Victoria investment adviser David Michael Michaels fined $23M
Investment adviser's clients included many seniors who are unlikely to recover any of their money
Victoria disgraced investment adviser David Michael Michaels has been ordered to pay more than $23 million in fines after the B.C. Securities Commission found he defrauded almost 500 clients, many of them seniors.
Michaels also faces a permanent ban from ever working again in the capital markets.
Despite the massive fine, it's unlikely Michaels' victims will ever recoup their lost money.
The clients Michaels defrauded invested $65 million with him in bogus securities he advised them to buy.

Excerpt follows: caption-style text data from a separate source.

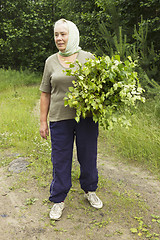 Image showing Mature beautiful woman prepares birch brooms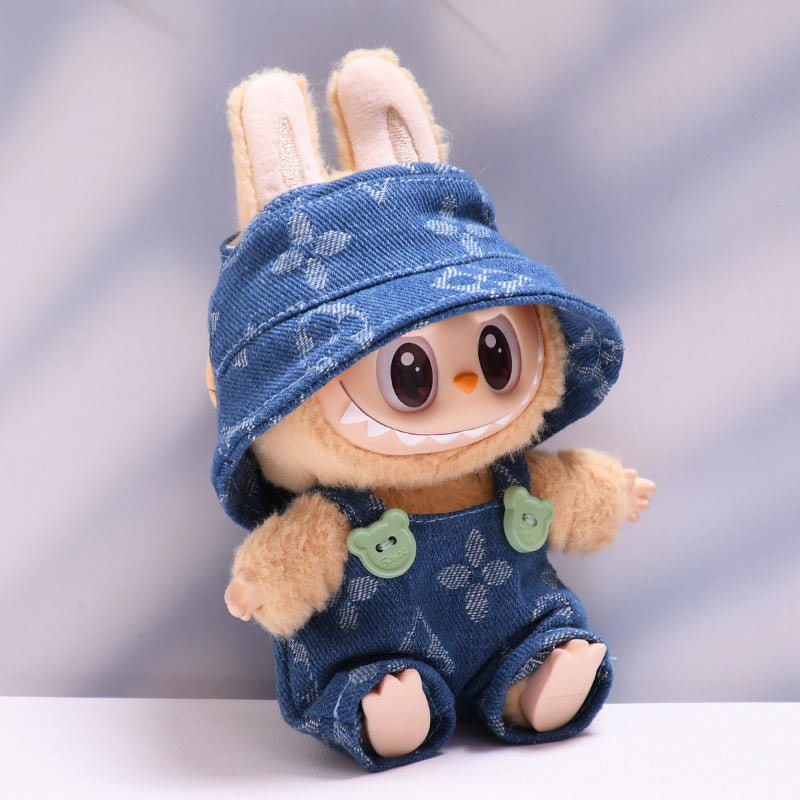 Labubu Series 1/2 Outfit - Printed Overalls & Hat for Keychain Doll Clothes Streetwear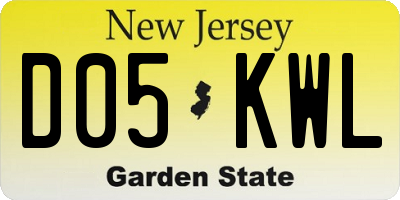 NJ license plate D05KWL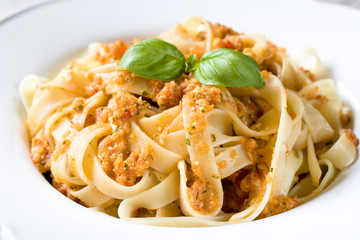 Traditional Italian fettuccine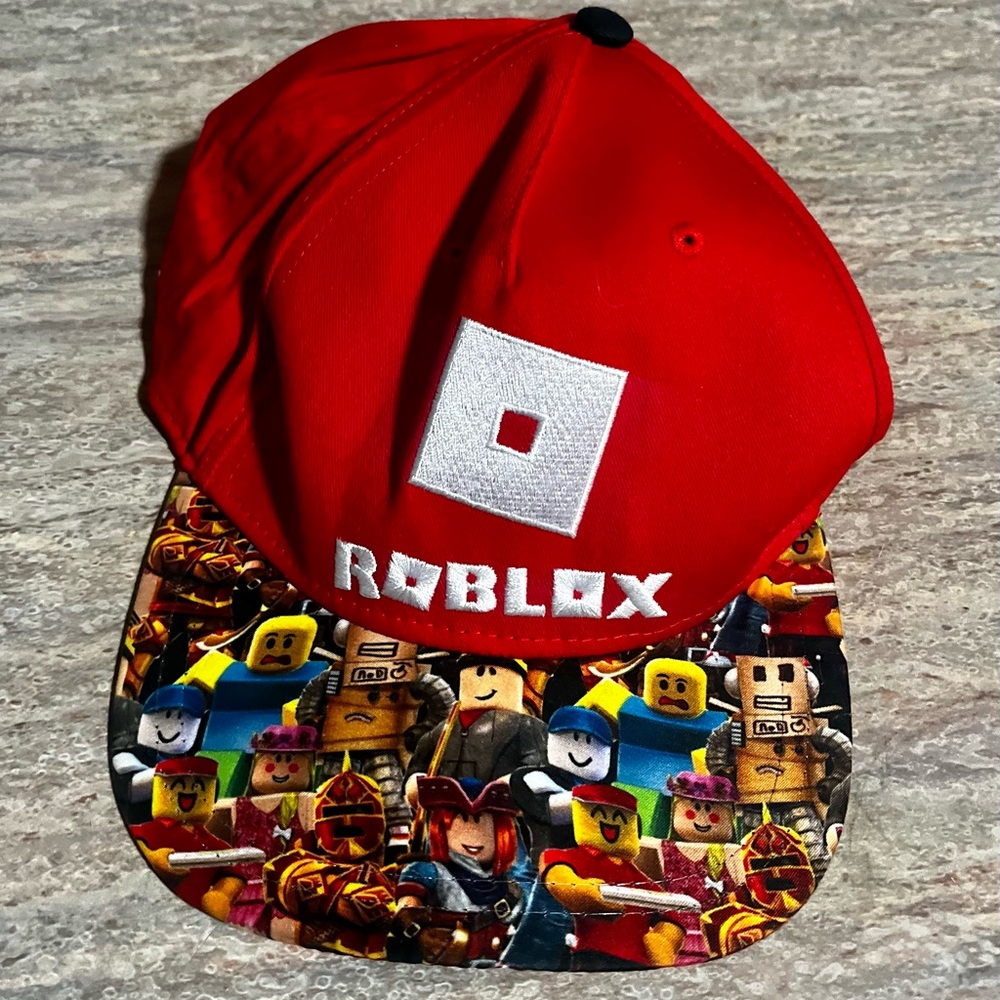 Roblox Kids Red Graphic Brim Baseball Hat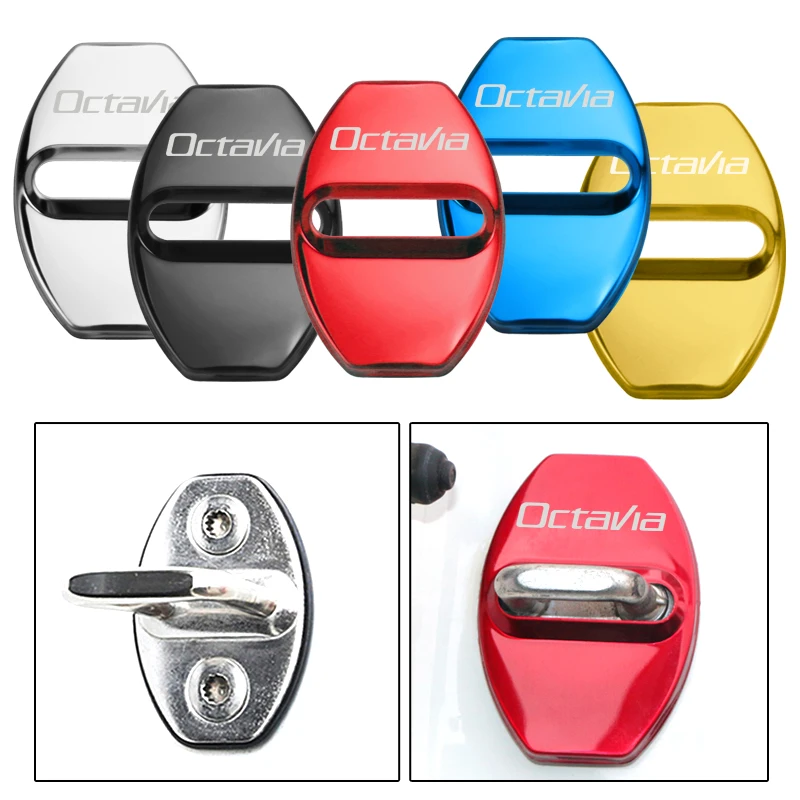 

4pcs/set Car Door Lock Cover Caps Protect Stainless Steel For Skoda Kodiaq Octavia Yeti Rapid Superb Fabia Karoq 2016 2017 2018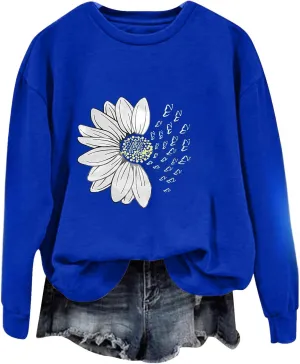 Oversized Sweatshirts for Women Casual Floral Print Sweaters Crewneck Graphic Loose Long Sleeve Fashion Pullover Tops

Helen Dubas, one of Michaels' 484 clients said she and her husband invested $100,000 with the adviser. They lost everything.
No criminal charges have ever been laid against Michaels, a former mutual fund salesperson, over the alleged fraud.
Still, Dubas said she's at least happy for one thing.
"He's not going to be able to do this to anyone else," she said.
The BCSC decision noted that "Michaels' business model was highly predatory in nature" and that he instilled trust in his clients then betrayed that trust.
Of the $65 million his clients invested, at least $40 million is lost. Michaels was paid $5.8 million in fees and commissions.
The BCSC also ordered Michaels be permanently prohibited from trading and banned him from acting as an agent or director in work involving the capital markets.
Paul Bourque, the commission's executive director, said the fine levied against Michaels is the second largest in its history.
The largest fine was for $46 million, handed down four years ago against another fraudulent investment adviser Sung Wan (Sean) Kim.